È la storia di una sconfitta, di una resa nei confronti del dolore e dell’inadeguatezza quella che Sam Mendes ha scelto di raccontare nel suo Revolutionary Road, ultimo film del regista inglese tratto da un celebre romanzo di Richard Yates. Una storia di disperazione, dunque, a cui Thomas Newman, già collaboratore di Mendes in più di un’occasione, ha dato voce con una partitura semplice, poco invadente, che non sorprende l’ascoltatore con invenzioni musicali particolarmente originali, ma che è comunque in grado di colpire duramente e di emozionare.

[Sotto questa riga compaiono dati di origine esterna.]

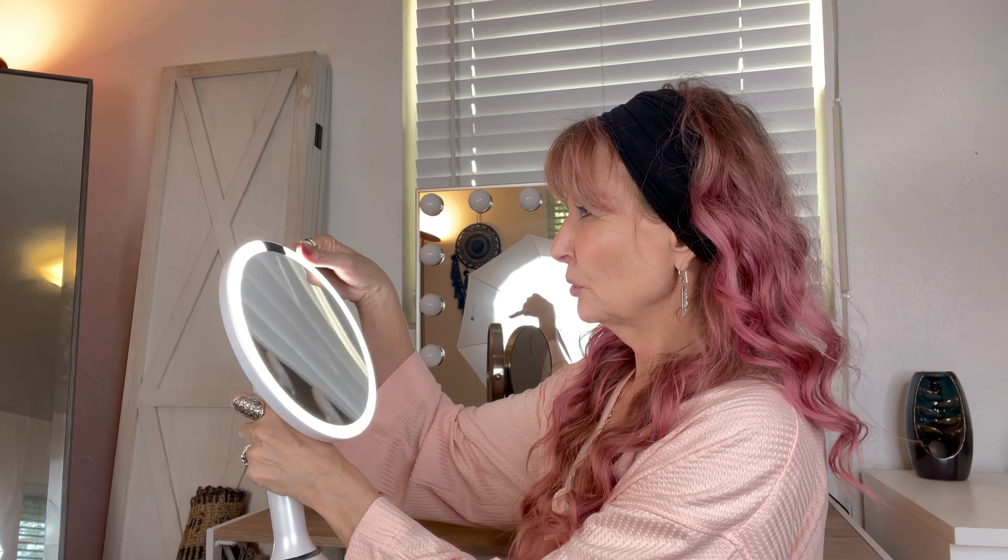There have been times before I got this mirror where even my kids were like, mommy, your foundation is not properly blended. Or sometimes I had, not kidding, hairs above my lip that I hadn't seen.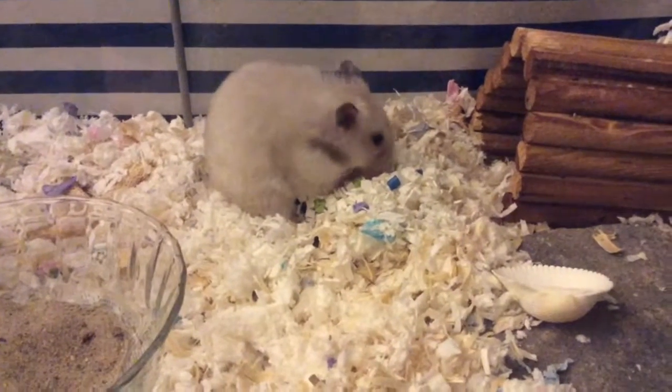Eloise didn't seem too thrilled when I first showed it to her, but I put it in her cage to see how she does with it. And here she seems to be enjoying it, so I'll see how it goes.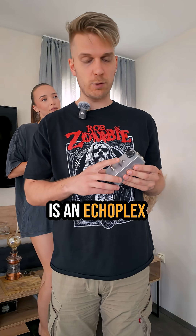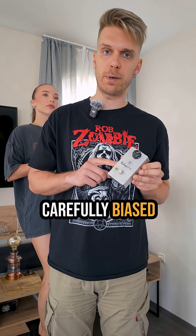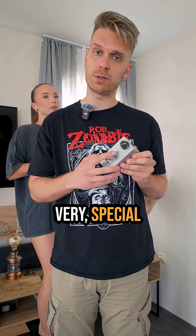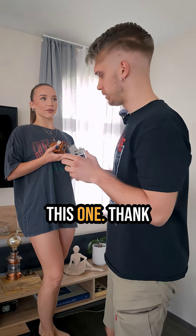The first one is an Echoplex preamp, because everybody likes Echoplexes. This one has carefully biased JFETs and it's very special because it has a switch for three different voicings. I love this one.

Il film è un dramma raggelato, i personaggi sembrano galleggiare negli ambienti: il regista non corre, osserva, contempla con sguardo preciso e malinconico quei tempi morti, quei silenzi o quelle interminabili, crudeli discussioni che sono parte della vita di chiunque. Lo score di Newman non è però freddo né, al contrario, eccessivamente passionale, è bensì delicato e partecipe, è bello di una bellezza splendente e inquietante, come quella luce incredibilmente bianca e pulita che riempie le inquadrature di Mendes. 

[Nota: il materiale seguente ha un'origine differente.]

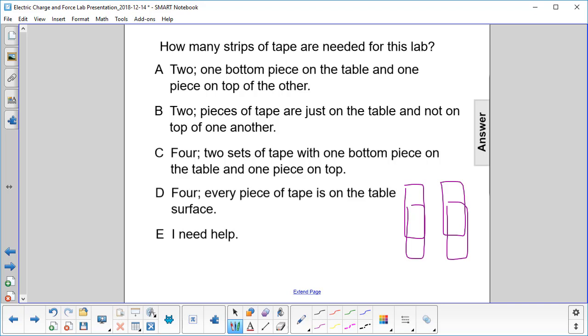Two sets of tape with one bottom piece on the table and one piece on the top. The answer is C.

La caratteristica più rilevante della colonna sonora è l’ossessività espressa attraverso la reiterazione insistita di gruppi di note, particolarmente evidente in “Night Woods”, quasi insopportabile nella sua ripetitività, ma anche nel tema principale che torna spessissimo lungo lo sviluppo dello score, dall’introduttivo “Route 12” agli “End Titles”. Si tratta di una melodia semplice e malinconica, che ad una prima impressione può persino apparire un po’ impersonale ma che poi, di brano in brano, cresce e si arricchisce, toccando accenti di disperazione e di forte intensità drammatica.

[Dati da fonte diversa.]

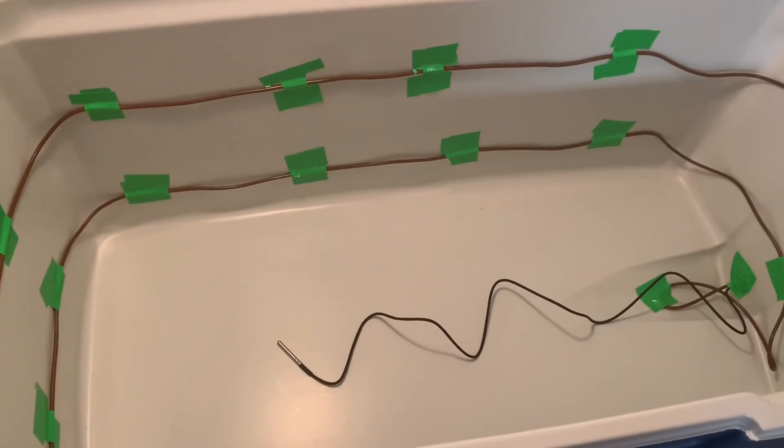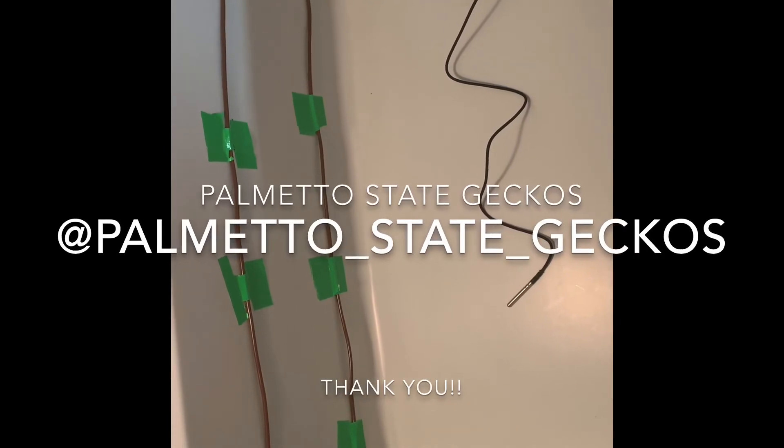That's it. Thanks for watching. Make sure to hit subscribe if you like this video.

Notevole da questo punto di vista è “April”, la traccia più lunga dell’album nella quale torna nuovamente il tema principale, diluito e rarefatto. Newman conduce la melodia ad identificarsi con quello sguardo pieno di disperazione sorda che la protagonista rivolge verso la realtà e verso se stessa; il pezzo si incupisce nella parte finale, si carica di un opprimente senso di tragedia dando così voce all’orrore nero che occupa la mente di April.
Il compositore non rende mai aggressive o rabbiose la tristezza e la depressione che abitano i corpi dei personaggi e così i brani risultano spesso contemplativi, quasi dolci (“Picture Window”, “Simple Clean Lines”) fino a costruire un’atmosfera densa, avvolgente, sinuosa in “Golden People”.
Non c’è varietà di temi nella partitura, ambienti e personaggi parlano la stessa lingua e dicono le stesse cose, non c’è mai un vero e proprio dialogo, né nella musica né nel racconto cinematografico; proprio a questa stasi della comunicazione e dei sentimenti Newman vuol dar voce con “Hopeless Emptyness” che, già dal titolo, si presenta come mezzo per veicolare uno dei concetti attorno a cui ruota l’intero film, quel vuoto di senso che tanto spaventava i protagonisti April e Frank e che si esplicita nell’amaro, conclusivo “A Bit Whimsical” attraverso cui la musica riassorbe in una sorta di quiete immobile il dolore espresso dai brani precedenti, in particolare dall’ultima, tesissima parte di “April”.